Directions for this task - Find the line with "1940 Flood Mini-sheet" in the listing below. Write it out exactly, along with every later line up to the final one.

Supplied data -
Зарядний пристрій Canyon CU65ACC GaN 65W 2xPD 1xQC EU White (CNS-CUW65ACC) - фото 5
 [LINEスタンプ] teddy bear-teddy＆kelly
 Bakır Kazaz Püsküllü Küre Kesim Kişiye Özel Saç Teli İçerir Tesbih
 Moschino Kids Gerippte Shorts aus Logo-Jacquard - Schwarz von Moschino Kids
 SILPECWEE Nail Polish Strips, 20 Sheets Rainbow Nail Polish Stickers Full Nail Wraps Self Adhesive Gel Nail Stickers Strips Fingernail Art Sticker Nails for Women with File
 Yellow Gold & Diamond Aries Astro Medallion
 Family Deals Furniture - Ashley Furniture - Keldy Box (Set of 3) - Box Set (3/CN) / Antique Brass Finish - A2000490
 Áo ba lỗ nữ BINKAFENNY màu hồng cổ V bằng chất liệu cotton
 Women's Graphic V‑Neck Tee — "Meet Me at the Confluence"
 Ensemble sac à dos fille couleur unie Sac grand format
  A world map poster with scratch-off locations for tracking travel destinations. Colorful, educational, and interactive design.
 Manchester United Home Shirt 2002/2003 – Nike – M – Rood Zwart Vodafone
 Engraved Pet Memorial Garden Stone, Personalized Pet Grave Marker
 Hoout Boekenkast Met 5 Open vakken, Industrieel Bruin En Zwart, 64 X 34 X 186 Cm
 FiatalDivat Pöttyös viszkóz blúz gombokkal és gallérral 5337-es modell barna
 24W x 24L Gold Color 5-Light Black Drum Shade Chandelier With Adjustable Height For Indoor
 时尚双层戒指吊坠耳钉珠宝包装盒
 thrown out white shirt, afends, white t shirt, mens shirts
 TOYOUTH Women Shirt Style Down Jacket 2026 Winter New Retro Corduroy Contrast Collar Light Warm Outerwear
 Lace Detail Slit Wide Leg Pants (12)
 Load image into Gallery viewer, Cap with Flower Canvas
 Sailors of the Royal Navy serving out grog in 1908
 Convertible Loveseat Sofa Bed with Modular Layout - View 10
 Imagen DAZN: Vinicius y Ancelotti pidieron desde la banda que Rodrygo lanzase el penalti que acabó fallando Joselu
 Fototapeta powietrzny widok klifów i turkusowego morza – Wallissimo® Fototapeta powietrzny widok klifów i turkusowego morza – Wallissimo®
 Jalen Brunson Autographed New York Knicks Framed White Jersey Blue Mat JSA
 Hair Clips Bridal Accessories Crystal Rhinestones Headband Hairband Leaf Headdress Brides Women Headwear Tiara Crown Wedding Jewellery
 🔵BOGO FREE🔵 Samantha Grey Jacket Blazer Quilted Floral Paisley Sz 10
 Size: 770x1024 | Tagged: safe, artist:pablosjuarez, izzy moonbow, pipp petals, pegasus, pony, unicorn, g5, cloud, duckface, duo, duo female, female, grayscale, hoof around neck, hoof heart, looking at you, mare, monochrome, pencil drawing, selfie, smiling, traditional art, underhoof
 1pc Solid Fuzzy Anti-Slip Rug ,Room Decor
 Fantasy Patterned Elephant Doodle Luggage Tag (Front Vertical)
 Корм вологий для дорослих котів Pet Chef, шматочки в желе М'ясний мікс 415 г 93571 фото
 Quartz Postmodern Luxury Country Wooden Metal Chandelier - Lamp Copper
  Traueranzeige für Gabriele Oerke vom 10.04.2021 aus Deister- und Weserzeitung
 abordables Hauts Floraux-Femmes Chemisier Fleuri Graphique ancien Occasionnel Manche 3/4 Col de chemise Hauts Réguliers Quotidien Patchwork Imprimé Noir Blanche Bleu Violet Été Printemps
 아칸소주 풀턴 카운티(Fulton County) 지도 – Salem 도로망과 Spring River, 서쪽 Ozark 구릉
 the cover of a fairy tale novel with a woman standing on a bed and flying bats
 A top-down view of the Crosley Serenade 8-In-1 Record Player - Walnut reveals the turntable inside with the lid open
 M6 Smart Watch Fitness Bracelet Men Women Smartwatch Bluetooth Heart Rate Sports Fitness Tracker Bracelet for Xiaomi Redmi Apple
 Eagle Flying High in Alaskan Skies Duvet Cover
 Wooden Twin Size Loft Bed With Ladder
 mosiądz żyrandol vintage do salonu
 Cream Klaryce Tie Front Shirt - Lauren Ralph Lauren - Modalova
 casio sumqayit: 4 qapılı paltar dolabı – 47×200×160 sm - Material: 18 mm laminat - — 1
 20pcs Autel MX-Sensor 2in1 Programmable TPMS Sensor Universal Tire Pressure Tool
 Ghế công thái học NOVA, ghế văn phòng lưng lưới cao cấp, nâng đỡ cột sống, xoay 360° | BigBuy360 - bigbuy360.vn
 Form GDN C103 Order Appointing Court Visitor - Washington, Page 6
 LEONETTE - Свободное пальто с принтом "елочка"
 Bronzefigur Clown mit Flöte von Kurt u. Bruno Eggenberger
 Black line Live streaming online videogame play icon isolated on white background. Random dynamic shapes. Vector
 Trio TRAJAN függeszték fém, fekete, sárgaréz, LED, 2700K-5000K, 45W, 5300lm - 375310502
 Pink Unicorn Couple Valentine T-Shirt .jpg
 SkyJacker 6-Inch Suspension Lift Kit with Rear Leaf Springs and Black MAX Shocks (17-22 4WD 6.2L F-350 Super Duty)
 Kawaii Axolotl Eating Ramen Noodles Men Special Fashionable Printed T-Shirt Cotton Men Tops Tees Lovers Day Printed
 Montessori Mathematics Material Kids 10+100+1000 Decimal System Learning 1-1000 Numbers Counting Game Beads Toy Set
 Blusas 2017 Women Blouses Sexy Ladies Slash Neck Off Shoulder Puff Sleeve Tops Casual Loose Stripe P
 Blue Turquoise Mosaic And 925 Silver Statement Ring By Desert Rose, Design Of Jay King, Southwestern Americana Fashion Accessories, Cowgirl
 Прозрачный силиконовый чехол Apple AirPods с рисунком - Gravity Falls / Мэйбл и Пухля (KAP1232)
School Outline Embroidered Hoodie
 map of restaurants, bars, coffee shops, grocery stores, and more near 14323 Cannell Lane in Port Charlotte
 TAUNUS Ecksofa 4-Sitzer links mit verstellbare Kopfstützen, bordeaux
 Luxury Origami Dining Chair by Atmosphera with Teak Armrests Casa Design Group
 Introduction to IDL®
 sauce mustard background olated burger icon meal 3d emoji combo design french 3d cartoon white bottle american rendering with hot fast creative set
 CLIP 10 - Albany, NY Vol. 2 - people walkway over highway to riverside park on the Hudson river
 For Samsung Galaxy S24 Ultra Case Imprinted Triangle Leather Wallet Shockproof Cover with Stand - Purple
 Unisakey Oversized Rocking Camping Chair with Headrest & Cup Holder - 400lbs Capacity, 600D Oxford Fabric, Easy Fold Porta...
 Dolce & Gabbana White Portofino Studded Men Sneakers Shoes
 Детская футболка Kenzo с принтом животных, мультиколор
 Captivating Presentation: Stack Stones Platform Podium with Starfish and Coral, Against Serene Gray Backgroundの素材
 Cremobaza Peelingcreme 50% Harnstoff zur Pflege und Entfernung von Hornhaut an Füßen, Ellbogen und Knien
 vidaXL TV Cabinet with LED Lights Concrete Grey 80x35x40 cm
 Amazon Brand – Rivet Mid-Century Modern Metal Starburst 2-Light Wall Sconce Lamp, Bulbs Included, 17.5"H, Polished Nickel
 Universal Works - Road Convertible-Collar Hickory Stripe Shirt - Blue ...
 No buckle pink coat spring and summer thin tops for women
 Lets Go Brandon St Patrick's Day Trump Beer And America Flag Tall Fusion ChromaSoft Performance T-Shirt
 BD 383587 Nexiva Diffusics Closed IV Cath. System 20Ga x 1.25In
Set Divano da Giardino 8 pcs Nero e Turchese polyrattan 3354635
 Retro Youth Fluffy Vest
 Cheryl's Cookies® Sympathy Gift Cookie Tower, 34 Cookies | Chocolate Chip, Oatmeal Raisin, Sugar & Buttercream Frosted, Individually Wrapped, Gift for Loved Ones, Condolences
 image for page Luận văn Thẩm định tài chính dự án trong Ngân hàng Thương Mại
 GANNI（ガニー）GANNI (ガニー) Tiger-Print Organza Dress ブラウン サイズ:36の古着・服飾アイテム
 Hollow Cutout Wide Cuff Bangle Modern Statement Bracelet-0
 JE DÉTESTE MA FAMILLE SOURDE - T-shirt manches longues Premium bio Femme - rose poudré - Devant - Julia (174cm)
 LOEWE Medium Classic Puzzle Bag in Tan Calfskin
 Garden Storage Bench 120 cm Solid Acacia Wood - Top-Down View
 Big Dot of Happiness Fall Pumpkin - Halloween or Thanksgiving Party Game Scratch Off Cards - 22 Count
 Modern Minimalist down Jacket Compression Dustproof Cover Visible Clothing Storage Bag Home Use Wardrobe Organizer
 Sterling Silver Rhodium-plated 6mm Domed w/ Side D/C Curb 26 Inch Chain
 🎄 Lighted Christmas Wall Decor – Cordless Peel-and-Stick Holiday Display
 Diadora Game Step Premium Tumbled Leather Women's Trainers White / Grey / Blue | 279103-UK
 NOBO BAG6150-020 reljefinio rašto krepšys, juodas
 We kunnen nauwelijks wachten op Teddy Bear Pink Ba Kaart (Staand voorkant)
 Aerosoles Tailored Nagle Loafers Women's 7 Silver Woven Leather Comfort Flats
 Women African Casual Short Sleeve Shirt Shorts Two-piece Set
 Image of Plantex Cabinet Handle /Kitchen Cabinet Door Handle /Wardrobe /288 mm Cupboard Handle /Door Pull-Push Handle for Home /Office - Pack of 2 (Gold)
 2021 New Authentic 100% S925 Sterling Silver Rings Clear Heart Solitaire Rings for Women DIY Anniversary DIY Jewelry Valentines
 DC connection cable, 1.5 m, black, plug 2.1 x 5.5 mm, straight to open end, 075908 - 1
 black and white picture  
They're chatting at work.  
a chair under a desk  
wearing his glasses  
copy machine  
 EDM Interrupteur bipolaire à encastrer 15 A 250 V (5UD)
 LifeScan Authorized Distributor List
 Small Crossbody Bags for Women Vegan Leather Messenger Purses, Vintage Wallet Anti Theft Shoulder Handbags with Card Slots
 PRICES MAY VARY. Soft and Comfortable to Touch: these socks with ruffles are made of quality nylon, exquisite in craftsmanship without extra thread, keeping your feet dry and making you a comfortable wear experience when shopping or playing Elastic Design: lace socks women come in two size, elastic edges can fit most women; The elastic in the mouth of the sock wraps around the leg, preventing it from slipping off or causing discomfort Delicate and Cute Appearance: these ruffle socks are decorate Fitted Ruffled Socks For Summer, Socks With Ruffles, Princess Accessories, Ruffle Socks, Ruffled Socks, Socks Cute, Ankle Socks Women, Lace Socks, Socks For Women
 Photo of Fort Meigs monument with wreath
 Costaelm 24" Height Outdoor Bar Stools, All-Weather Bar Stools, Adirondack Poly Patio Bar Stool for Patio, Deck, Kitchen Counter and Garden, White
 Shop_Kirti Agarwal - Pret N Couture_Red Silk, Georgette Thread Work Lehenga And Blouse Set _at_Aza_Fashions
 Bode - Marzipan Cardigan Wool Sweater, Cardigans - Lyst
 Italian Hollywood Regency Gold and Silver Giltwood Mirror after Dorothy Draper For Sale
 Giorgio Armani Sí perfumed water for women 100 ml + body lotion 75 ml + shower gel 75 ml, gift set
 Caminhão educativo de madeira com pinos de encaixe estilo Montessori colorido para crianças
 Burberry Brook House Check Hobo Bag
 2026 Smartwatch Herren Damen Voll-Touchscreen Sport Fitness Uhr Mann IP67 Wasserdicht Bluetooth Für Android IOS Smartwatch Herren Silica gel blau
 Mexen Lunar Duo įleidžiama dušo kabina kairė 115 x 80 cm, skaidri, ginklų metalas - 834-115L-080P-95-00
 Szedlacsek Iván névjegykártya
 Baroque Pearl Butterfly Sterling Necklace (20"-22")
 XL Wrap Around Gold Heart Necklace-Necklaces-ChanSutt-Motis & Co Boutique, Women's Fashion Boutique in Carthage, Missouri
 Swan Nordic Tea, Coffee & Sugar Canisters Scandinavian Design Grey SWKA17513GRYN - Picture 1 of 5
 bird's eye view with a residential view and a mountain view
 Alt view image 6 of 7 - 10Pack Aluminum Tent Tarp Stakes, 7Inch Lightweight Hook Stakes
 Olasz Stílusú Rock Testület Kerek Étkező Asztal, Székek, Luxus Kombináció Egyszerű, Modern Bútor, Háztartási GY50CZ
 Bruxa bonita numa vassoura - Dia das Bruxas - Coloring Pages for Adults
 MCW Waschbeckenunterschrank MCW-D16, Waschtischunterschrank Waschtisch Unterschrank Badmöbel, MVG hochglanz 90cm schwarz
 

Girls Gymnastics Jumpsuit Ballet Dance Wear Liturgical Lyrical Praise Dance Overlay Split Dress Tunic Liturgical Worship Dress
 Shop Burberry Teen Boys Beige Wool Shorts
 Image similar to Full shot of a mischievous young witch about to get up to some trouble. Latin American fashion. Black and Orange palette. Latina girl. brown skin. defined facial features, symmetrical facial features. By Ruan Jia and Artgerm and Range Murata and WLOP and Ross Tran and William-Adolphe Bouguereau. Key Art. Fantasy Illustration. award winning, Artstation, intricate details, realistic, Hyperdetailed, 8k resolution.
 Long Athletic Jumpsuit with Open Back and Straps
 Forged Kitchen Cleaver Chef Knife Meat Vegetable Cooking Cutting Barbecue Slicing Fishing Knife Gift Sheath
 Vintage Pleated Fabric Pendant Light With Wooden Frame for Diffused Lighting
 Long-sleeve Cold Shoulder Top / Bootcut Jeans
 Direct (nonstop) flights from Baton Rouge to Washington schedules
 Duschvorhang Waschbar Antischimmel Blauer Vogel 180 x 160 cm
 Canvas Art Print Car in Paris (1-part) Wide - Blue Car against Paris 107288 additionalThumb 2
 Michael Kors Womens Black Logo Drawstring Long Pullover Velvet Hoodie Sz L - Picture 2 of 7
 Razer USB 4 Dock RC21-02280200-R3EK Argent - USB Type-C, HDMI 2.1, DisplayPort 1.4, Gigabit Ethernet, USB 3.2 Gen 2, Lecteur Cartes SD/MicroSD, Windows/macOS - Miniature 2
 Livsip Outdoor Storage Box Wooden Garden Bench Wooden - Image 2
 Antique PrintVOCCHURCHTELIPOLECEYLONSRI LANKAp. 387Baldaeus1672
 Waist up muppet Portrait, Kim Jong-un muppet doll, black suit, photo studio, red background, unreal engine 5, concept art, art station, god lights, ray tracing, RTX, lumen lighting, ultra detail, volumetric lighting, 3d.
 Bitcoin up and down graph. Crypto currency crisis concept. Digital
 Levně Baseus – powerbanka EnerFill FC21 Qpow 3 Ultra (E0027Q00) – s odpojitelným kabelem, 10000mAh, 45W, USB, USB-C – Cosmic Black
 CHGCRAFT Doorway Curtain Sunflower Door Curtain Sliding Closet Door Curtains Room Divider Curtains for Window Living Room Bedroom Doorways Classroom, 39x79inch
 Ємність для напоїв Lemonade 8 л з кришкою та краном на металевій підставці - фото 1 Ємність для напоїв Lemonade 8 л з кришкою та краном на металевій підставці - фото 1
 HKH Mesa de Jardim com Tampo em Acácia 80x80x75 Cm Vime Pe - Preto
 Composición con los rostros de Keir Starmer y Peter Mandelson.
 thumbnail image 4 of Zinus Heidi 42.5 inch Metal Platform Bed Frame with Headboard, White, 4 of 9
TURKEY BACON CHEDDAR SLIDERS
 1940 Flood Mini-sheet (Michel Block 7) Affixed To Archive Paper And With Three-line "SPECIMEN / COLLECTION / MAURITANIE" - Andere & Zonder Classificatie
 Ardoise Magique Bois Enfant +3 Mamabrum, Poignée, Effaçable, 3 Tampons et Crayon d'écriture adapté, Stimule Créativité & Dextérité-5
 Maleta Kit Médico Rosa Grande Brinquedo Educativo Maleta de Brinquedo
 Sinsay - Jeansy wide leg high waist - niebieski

Task output -
 1940 Flood Mini-sheet (Michel Block 7) Affixed To Archive Paper And With Three-line "SPECIMEN / COLLECTION / MAURITANIE" - Andere & Zonder Classificatie
 Ardoise Magique Bois Enfant +3 Mamabrum, Poignée, Effaçable, 3 Tampons et Crayon d'écriture adapté, Stimule Créativité & Dextérité-5
 Maleta Kit Médico Rosa Grande Brinquedo Educativo Maleta de Brinquedo
 Sinsay - Jeansy wide leg high waist - niebieski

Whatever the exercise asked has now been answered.